Les témoignages historiques étaient là, trop proches, trop nombreux.

C’est au profit des Girondins et non des Montagnards que fut essayée instinctivement, à la première heure, la légende harmonieuse de la liberté. M. Edmond Biré, dans un livre royaliste et réactionnaire, mais exactement et fortement documenté, a fait voir comment l’opinion libérale, si puissante sous la Restauration, s’intéressa d’abord à l’éloquence et aux malheurs de la Gironde. Les mémoires de madame Roland, de Riouffe, de Barbaroux, de Buzot, publiés par Barrière, soulevèrent une émotion unanime. L’art exprima ce sentiment. Charles Nodier inventa le dernier banquet des Girondins, fiction éloquente qui passa pour la vérité même.

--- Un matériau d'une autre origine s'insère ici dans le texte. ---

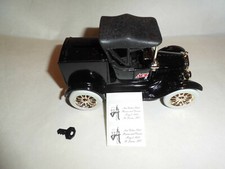 ERTL 3897 "Ace Hardware Dealer Meeting 93" 1918 Ford Runabout 1/25 Scale MIB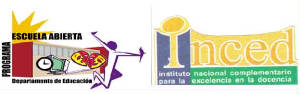 logos.jpg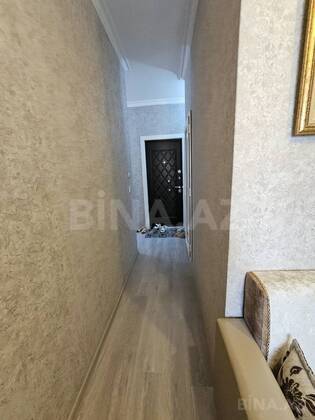 3 otaqlı Köhnə tikili, Azadlıq Prospekti m., Bakı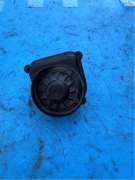 Syrena alarmu wtyczka kostka BMW E36 E46 E39 E53 E83 E38 E31 8383152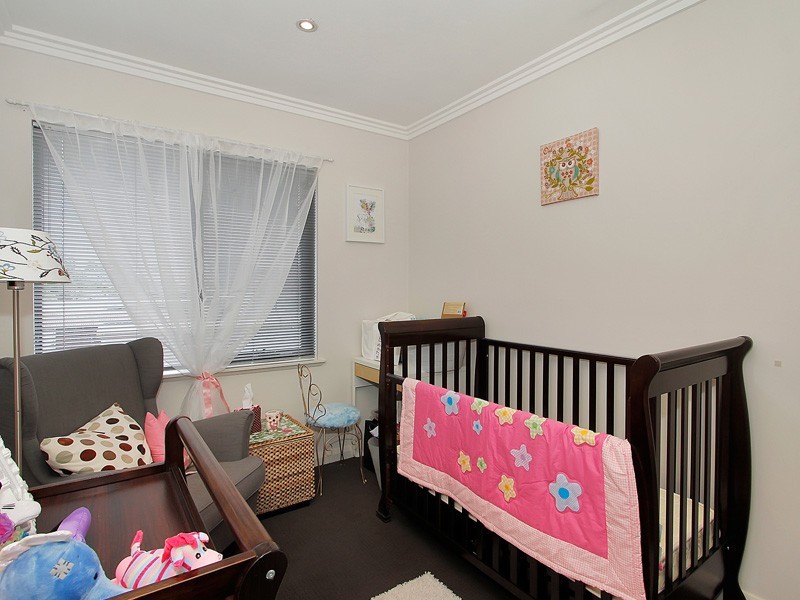 15c Almurta Street, Nollamara WA 6061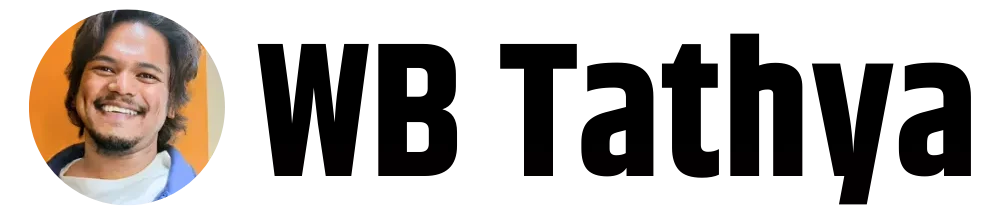 Wb Tathya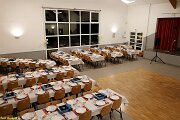 2025_soiree fondue_03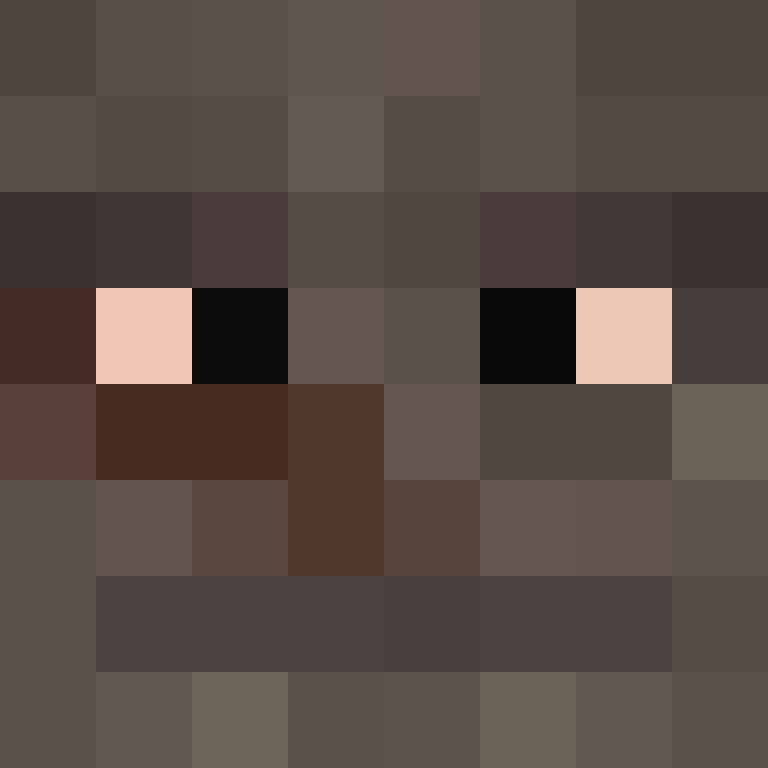 Luis2606's skin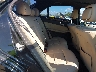 WDDHF8HB9AA****** Wrecked 2010 Mercedes-Benz E 350 in Detroit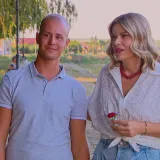 Ksenija sve teže trpi konkurenciju, a Dejanovo izbacivanje zavr&scaron;it će dramom i suzama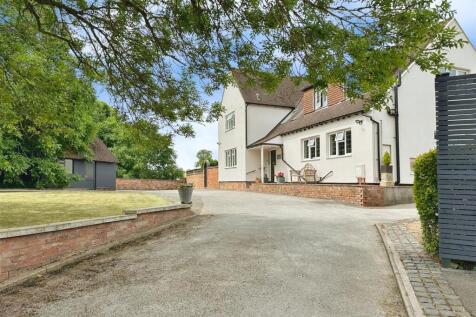 bf124598--4339-909A-6F4392A4CCBB-29810-000027B62E0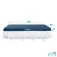 Intex Rectangular Prism Pool Cover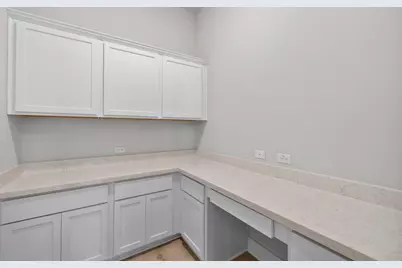 1605 Amanda Paige Drive, Georgetown, TX 78628 - Photo 11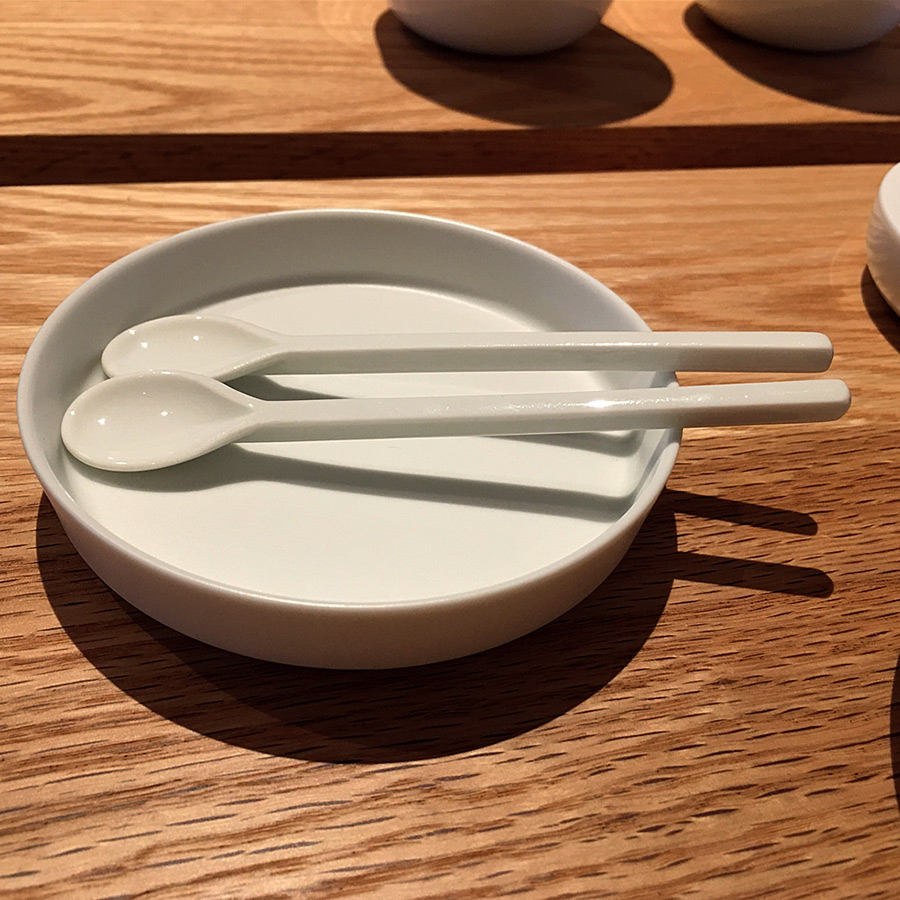 Arita_2016_Christien_Meindertsma_Spoon_3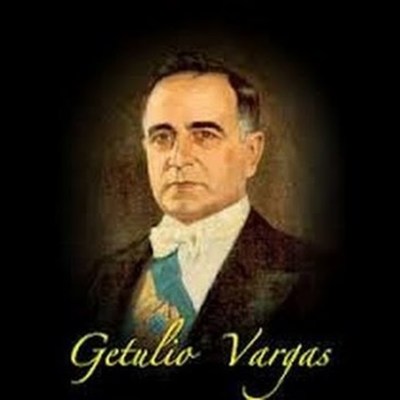 Timeline: Getulio Vargas  2° governo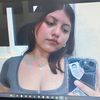 puccasluv
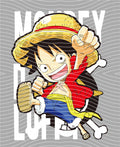 Manga - STK-1208
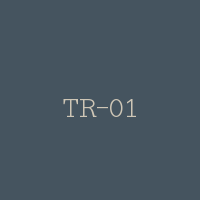 TR-01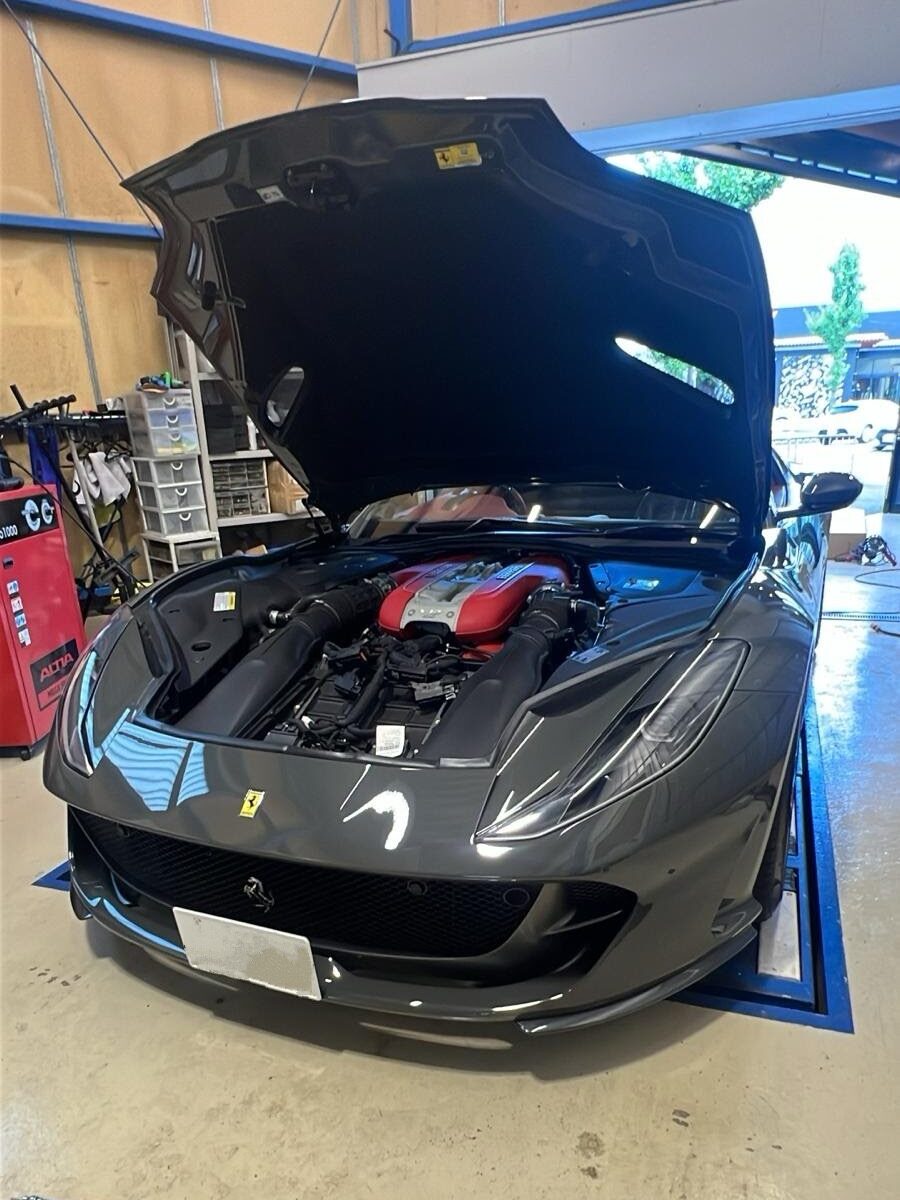 EE1874D9-C28F-4C83-8DCD-135CD769758F – mbFAST Tuning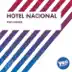 Hotel Nacional (Pier Remix) - Single album cover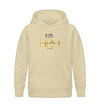Little Bro Kind Hoodie - Wunsch Designs
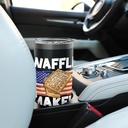waffle-maker-apparel-waffles-day-usa-ame-6.jpg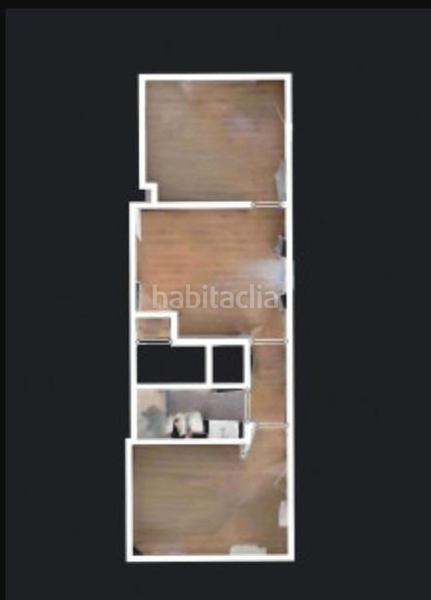 Foto 784000be-9eb0-4817-abaa-1241de793c39. Haus in Felanitx poble Felanitx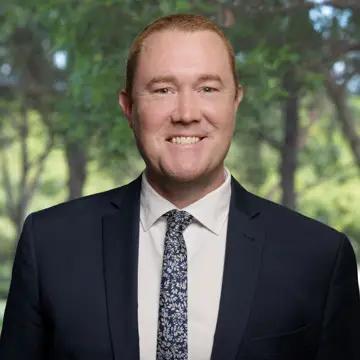 Kris Matthews - Property Owner, Australia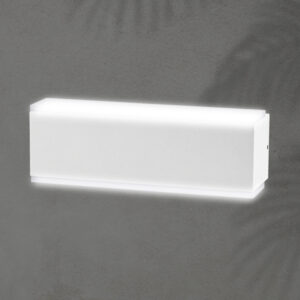 Alternative view of Προϊόν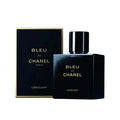 Chanel Bleu de Chanel L'Exclusif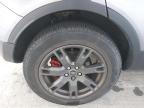 2013 LAND ROVER RANGE ROVE for sale at Copart BELFAST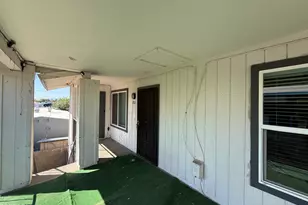 6641 W Ocotillo Rd, Glendale, AZ 85301 - Photo 2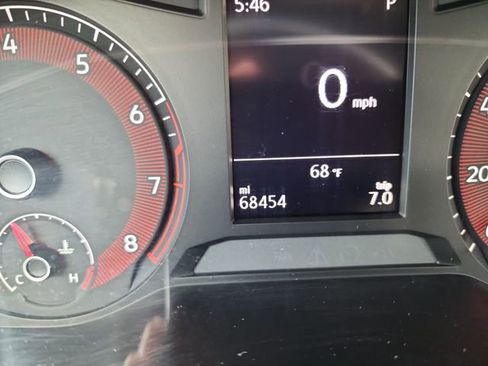 Used 2019 Volkswagen Jetta R-Line FWD image 16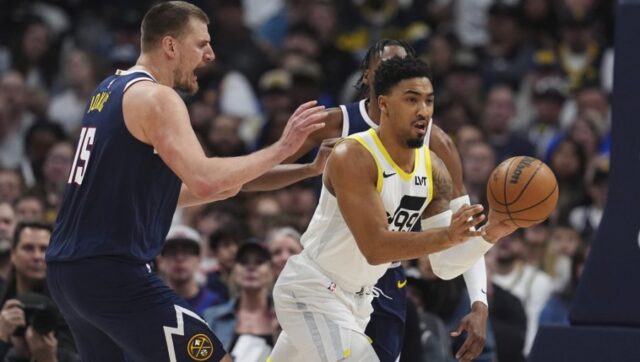 NIKOLA-JOKIC-ZVANI-DOMINACIJA-Nova-neverovatna-partija-mocnog-Srbina.jpg Nikola jokic zvani dominacija nova neverovatna partija mocnog srbina.jpg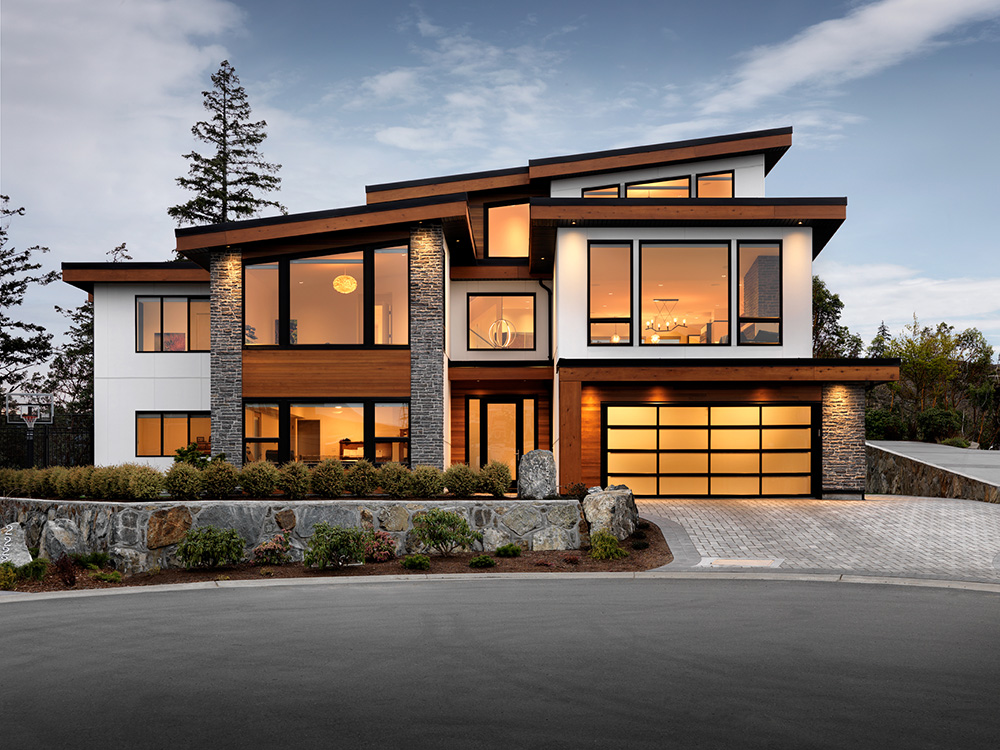 Terry Johal Developments | 3375 Ripon Rd, Victoria, BC V8R 6G8, Canada | Phone: (250) 472-8557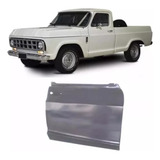 Folha De Porta C10 C14 C15 C60 D10 Veraneio L/d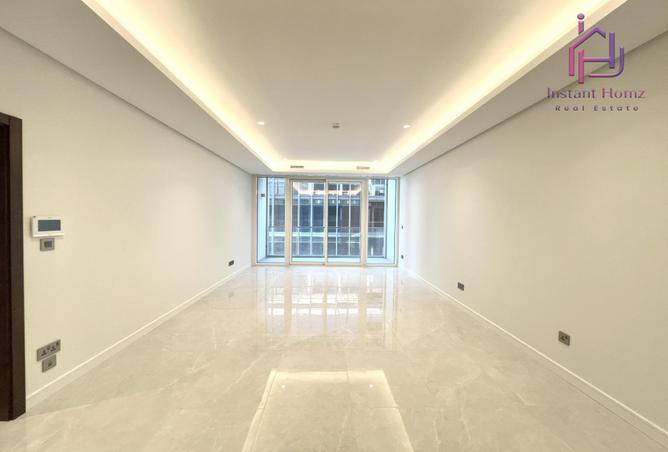 985121 - الصورة الرئيسية للعقار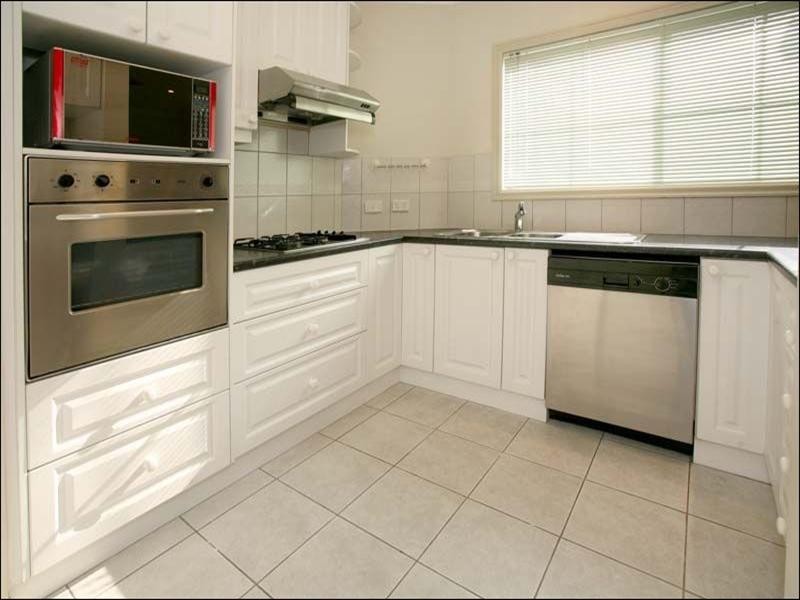 1/169 Springvale Road, Glen Waverley VIC 3150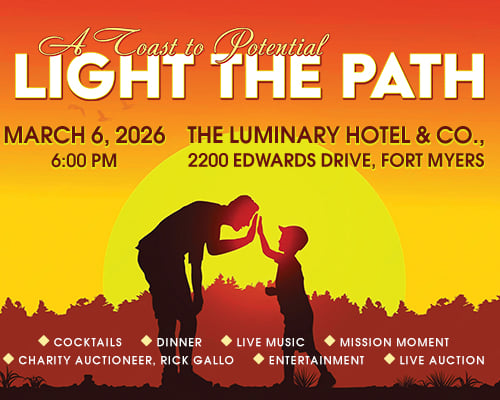 TTP-LightThePath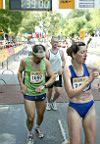 nike_2004_1398.JPG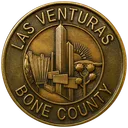 Baylife - Gouvernement Las Venturas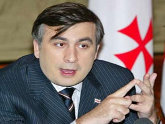 Саакашвили требует наказать врачей, по чьей вине погиб ребенок. 
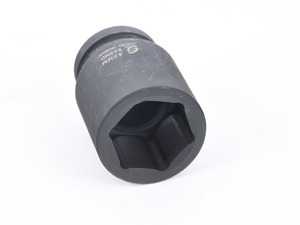 1" Dr. 46mm Deep Impact Socket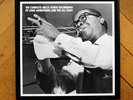 Louis Armstrong All Stars Complete Decca Studio Recordings 8LP Box Mosaic Rare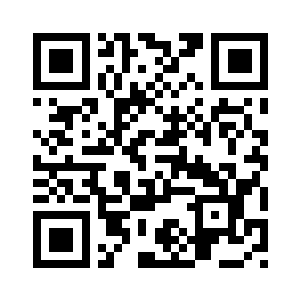 无声无息地移动到苏檀儿身后二维码生成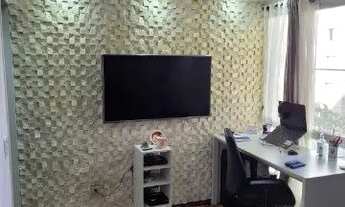 Imagem: APTO PIRATININGA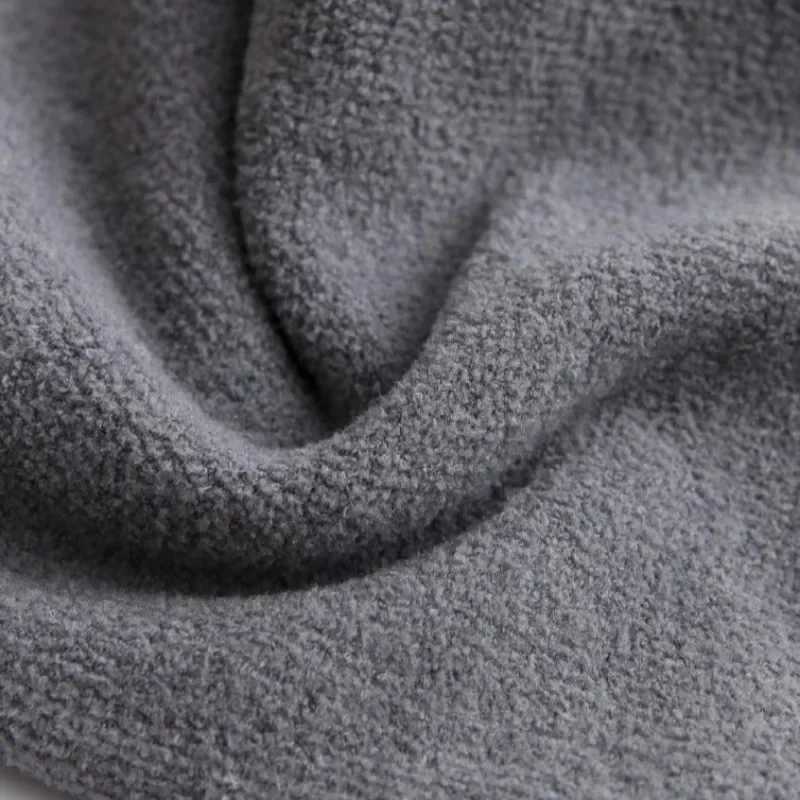 Winter Soft Warm Leggings Women Thickened Warm Pants Girls Velvet Thermal Pantyhose High Elastic Cold Outdoor Comfortable TightsT251023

L’homme des foules, Alexandre Dumas, dans le Chevalier de Maison-Rouge, répandit son pathétique populaire sur la fin des Girondins, auxquels il fit chanter au pied de l’échafaud :

Nous, amis, qui loin des batailles
Succombons dans l’obscurité,
Vouons du moins nos funérailles
À la France, à la liberté.
Mourir pour la patrie,
C’est le sort le plus beau, le plus digne d’envie.

M. de Lamartine enfin célébra la Gironde dans une histoire éloquente, qui tient beaucoup de la légende.

Cependant l’histoire agissait de concert.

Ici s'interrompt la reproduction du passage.